It was reported this week that Somalia has joined the United Nations World Tourism Organisation (UNWTO), which prompted the BBC World Service to ask: Could Somalia be your next holiday destination? A good holiday can do you the world of good when it comes to giving yourself some headspace and forgetting about all your worries. With all the shitty stuff that’s happened in the last two years, it’s no wonder us Brits made 67.6 million visits abroad in the last 12 months.
But, remember when travel vlogger Fun For Louis got in a spot of trouble for his positive films about North Korea? Neither Somalia nor North Korea are known for their stellar human rights records. It really got me thinking about how seriously we take visiting a country with a bad human rights record.
Are we really happy to give money and tourism to oppressive governments? So many travellers refuse to ride elephants or visit tiger sanctuaries and zoos in protest of their treatment of animals. There are travel agencies that exist solely to create eco- and animal-friendly tourism. But do we honestly make the same personal judgments when it comes to human rights?
Travellers still visit places like Russia, United Arab Emirates, Saudi Arabia and Cuba – all countries named as the ‘least free in the world’ by Freedom House. Does a country’s Instagram-worthy scenery come before its people’s freedom?
Choosing to play a part
Burma was the one destination a responsible tourism company decided to boycott for 10 years after its pro-democracy party leader Aung San Suu Kyi recommended tourists steer clear. They also believed slave labour existed in the tourism industry there too.
Back in 2014, me and my husband were researching potential honeymoons. We had a few places on the list, but the only destinations that worked with our budget and dates were Sri Lanka and Maldives – both with checkered human rights histories.
Do we actually make a difference?
But on the other hand, after meeting Sri Lankans in the towns we visited, it didn’t feel like we were contributing to the bad human rights record by being there. It wasn’t their fault after all, so why should the money they make from tourism be affected by my guilt?
Similarly, when a French Mayor imposed a burkini ban on Nice’s beaches in 2016, I decided I wouldn’t visit France while the ban was still in place. But it wasn’t the people’s fault. Us not spending our Euros there in protest could potentially do more harm to local businesses than it ever would do to big governments.
When Louis Cole’s vlogs from North Korea were called naïve and he was accused of creating propaganda while ignoring the country’s horrific history of abuse, he defended his position, stating that he didn’t agree with the North Korean ideologies, but he did “care for and love the people there.”
While some accused him of being irresponsible, others praised his content. They said that while everyone else was concentrating on what the government was doing to its people, Louis was finally showing the positive side of the lives of North Koreans.
When is a bad human rights record ‘bad’?
I’m personally not convinced that a country which holds hundreds of thousands of its own people in detention facilities (North Korea) should be promoted as an ideal holiday destination. Neither would I feel comfortable relaxing in Somalia knowing there are 1.4 million internally displaced people in the country.
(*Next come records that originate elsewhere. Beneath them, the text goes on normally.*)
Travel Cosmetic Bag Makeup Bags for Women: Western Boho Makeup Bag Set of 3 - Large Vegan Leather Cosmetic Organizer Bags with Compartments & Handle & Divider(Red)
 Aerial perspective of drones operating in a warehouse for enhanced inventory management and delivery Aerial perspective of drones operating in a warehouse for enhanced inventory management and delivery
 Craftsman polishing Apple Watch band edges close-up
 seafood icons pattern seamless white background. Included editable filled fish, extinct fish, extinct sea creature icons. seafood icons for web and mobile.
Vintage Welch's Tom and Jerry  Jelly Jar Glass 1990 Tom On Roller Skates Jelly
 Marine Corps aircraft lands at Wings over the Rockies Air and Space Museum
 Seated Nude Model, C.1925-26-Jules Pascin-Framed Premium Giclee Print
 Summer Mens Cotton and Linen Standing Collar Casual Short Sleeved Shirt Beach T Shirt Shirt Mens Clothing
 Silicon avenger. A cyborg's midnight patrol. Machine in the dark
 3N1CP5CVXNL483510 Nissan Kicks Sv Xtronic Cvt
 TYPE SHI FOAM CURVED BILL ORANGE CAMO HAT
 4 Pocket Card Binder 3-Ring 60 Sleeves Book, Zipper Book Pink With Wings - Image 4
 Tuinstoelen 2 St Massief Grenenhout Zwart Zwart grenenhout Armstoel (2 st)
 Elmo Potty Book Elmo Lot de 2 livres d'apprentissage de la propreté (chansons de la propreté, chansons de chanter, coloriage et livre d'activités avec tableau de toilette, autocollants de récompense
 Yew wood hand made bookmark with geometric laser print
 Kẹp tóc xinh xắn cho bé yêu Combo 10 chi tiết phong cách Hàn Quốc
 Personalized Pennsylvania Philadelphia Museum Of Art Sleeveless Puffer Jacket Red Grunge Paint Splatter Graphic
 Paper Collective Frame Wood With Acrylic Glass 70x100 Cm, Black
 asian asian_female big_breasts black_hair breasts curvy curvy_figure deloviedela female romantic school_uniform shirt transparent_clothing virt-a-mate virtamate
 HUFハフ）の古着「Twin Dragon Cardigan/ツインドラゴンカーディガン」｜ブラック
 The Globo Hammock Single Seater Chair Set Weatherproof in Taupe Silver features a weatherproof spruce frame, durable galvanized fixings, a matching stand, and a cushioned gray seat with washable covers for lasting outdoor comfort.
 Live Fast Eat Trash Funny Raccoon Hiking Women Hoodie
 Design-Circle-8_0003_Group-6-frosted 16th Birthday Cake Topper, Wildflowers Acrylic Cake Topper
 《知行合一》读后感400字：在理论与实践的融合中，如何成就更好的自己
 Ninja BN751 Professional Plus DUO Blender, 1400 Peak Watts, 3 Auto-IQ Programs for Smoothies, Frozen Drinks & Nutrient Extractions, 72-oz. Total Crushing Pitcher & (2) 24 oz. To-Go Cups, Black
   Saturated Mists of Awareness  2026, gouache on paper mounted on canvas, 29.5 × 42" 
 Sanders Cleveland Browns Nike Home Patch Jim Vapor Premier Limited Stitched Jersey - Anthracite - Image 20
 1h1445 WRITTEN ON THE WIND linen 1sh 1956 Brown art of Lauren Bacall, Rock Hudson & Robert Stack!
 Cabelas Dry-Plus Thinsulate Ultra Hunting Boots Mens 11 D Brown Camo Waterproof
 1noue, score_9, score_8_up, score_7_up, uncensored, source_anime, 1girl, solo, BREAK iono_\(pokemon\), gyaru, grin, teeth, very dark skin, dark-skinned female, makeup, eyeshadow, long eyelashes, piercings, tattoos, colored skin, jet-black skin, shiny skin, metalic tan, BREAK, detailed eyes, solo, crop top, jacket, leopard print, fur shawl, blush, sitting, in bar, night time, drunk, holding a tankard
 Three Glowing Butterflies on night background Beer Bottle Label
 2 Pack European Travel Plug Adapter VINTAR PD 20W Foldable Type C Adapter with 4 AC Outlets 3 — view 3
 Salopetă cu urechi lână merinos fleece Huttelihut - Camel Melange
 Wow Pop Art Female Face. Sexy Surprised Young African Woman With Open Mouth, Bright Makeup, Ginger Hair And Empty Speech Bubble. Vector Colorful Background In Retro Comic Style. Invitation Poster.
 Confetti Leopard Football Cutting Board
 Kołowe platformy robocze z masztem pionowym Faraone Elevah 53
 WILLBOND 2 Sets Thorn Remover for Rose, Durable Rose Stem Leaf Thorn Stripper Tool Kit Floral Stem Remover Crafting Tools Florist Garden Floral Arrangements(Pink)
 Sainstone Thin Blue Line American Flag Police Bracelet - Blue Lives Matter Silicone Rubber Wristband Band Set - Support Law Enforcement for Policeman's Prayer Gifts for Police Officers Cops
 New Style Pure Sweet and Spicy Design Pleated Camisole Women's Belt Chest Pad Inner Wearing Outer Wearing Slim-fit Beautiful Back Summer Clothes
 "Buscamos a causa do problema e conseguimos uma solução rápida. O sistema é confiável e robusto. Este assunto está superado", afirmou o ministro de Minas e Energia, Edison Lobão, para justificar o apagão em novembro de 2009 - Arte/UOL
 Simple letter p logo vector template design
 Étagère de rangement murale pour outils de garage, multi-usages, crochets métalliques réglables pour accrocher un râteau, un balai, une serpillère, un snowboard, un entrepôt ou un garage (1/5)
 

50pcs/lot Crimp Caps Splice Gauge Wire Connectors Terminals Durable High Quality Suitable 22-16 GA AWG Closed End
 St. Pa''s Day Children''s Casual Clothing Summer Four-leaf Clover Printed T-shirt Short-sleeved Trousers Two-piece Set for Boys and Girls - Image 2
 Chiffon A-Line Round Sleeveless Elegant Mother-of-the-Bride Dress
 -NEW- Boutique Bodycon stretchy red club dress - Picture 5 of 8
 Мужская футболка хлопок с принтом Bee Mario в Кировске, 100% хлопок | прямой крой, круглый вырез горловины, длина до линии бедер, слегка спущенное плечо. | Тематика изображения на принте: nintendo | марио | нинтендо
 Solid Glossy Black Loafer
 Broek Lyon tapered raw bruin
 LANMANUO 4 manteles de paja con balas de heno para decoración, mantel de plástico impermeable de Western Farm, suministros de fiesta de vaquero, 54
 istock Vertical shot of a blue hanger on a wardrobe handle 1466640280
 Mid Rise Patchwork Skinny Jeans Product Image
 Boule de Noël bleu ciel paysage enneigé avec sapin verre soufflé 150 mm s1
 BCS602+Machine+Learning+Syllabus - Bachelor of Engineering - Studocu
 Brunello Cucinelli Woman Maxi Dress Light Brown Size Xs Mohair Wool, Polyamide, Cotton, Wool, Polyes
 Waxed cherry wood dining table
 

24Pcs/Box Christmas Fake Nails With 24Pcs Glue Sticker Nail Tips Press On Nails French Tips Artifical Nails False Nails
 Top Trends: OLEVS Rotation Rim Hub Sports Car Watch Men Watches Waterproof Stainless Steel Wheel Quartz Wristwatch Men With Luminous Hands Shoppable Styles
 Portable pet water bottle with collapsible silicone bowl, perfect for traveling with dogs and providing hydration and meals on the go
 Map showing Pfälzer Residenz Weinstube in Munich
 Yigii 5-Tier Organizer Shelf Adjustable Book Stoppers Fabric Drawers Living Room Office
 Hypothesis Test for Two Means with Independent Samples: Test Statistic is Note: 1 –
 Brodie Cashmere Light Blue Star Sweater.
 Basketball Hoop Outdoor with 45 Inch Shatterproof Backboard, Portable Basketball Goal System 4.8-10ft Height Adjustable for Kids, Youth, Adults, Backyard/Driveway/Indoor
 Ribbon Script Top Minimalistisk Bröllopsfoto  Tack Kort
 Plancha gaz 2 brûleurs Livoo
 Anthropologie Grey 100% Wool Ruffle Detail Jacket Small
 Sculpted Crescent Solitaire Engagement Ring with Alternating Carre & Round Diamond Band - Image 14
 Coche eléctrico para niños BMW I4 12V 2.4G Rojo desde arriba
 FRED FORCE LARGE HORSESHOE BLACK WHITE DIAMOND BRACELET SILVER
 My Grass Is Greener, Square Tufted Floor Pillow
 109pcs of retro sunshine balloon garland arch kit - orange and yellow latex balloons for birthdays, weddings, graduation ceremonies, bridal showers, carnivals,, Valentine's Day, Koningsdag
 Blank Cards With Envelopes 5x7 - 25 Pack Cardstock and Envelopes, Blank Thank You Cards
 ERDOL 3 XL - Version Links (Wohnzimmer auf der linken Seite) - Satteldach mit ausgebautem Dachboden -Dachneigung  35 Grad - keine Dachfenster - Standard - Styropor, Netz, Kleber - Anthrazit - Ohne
But then again, in June 2016 The United Nations confirmed that the UK’s Austerity policies breached international human rights obligations. Who knew that in this day and age our very own country would slowly diminish the rights of its people?
Things in other countries are getting better. And some governments are working hard to create a fairer society for their people. In the meantime, all we can do is make conscious decisions about what we do and don’t support – and it all starts with research.
I think the first question we should honestly ask ourselves is: do I feel comfortable visiting a country with a bad human rights record?